→ Records drawn from a dataset:
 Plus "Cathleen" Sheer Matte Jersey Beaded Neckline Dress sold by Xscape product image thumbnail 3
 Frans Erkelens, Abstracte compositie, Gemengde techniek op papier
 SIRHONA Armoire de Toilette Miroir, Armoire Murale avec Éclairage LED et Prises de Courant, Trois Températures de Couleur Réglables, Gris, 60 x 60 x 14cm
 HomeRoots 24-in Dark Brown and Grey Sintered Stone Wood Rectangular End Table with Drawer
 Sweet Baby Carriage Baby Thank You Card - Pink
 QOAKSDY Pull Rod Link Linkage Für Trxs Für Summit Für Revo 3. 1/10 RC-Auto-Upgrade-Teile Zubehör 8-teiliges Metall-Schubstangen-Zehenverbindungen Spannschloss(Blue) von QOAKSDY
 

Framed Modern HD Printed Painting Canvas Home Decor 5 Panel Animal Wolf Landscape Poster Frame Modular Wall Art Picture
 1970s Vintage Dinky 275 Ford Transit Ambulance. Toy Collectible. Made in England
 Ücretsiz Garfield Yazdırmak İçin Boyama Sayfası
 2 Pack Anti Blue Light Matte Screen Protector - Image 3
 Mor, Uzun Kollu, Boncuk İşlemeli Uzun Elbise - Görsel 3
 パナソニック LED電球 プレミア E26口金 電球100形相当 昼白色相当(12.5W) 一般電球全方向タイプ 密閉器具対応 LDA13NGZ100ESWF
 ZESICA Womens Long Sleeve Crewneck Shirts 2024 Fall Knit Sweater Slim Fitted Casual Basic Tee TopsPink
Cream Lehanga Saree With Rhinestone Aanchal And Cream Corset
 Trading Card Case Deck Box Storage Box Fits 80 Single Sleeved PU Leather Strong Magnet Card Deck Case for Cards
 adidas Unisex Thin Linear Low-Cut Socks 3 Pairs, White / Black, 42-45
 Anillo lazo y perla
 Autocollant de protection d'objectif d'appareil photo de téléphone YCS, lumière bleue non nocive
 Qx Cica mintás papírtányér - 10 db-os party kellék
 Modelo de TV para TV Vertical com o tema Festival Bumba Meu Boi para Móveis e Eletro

→ WORK TO BE COMPLETED: For each line above that includes "Card", make a copy.

→ WRITTEN ANSWER:
 Sweet Baby Carriage Baby Thank You Card - Pink
 Trading Card Case Deck Box Storage Box Fits 80 Single Sleeved PU Leather Strong Magnet Card Deck Case for Cards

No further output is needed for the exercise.